Missing Hikers Emerge After Night On Mt. Washington
Oct. 10, 1988
MOUNT WASHINGTON, (AP) _ Three lightly clad hikers emerged safe today after 24 hours in snow, fog and wind on Mount Washington, where the wind-chill at the summit was 17 below zero this morning.
The three ignored advice from a shelter caretaker on the 6,288-foot mountain Sunday evening and continued toward the summit, said Peter Crane, a member of the staff at a mountaintop weather observatory.
A search official, Michael Torrey of the Appalachian Mountain Club, said the three - and a companion who turned back part way - probably set out from Pinkham Notch on the eastern side of the Northeast's tallest mountain at about 2 p.m. Sunday.

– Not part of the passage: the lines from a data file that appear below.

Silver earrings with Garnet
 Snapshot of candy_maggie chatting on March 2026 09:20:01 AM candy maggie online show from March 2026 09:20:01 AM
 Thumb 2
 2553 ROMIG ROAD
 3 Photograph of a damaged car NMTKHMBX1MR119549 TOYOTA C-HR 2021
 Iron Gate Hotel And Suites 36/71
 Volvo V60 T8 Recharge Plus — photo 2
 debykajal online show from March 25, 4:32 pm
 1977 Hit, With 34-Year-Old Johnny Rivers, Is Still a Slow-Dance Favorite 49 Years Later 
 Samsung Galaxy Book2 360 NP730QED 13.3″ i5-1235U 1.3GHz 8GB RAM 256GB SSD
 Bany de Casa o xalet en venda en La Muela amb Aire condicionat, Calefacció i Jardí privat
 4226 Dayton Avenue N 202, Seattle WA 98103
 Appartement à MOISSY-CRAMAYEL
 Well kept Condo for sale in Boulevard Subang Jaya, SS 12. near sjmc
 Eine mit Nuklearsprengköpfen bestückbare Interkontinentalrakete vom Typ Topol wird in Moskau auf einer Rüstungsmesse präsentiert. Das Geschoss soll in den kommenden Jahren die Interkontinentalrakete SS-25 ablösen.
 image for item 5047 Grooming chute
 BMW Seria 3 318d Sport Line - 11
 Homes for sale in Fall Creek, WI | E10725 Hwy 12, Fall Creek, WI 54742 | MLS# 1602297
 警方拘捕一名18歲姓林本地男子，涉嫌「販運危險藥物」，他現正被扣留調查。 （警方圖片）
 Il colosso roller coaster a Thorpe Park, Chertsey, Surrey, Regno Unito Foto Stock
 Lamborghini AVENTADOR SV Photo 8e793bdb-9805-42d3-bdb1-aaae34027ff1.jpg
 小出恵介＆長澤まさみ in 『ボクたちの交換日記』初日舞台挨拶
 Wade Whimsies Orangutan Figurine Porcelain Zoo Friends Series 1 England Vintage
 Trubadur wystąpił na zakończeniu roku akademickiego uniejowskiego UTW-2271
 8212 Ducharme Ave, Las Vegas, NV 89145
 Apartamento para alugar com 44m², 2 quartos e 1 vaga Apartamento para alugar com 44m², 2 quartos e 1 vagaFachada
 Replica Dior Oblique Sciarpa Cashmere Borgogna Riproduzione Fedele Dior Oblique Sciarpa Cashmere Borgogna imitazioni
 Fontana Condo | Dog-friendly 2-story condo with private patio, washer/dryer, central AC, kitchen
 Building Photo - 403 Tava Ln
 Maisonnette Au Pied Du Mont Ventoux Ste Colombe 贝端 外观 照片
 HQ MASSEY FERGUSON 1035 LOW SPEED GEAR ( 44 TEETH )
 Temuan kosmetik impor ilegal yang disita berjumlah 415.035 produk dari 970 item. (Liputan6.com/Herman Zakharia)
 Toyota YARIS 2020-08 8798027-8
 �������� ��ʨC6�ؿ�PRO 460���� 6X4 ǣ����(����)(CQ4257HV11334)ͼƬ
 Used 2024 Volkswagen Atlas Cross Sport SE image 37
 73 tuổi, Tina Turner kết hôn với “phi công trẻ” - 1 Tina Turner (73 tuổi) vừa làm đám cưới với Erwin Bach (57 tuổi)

He said the hikers had no rain gear or warm clothes and were wearing blue jeans and poor boots. One had a sweatshirt, another a sweater and the third a parka. Their only provisions were two apples and a soda bottle full of water.
Maj. Henry Mock of the state Fish and Game Department said they reached Crawford Notch, a pass on the western side of the mountain, around 2 p.m. in good condition.
He identified them as Steve Sardella, 20, of Marlboro, Mass.; Matt Dube, 21, of Bethany, Conn.; and Andy Stewart, 23, of Syosset, New York. He said the man who turned back is Noel Bouvier of Boston.
Washington is notorious for severe and quickly changing weather.
''To survive in that kind of weather conditions, you have to be very well equipped,'' Mock said before the three were found.
Fish and game employees and volunteers helped search for the men, but weather conditions were too poor to send out planes, officials said.
Inexperienced hikers frequently get into trouble in the White Mountains because the weather changes quickly and is much harsher at higher elevations than at trailheads in valleys below.
The 6,288-foot mountain has some of the worst weather on Earth. Snow has fallen on the summit in every month, and numerous hikers have died after getting lost in blowing snow and fog in the past century.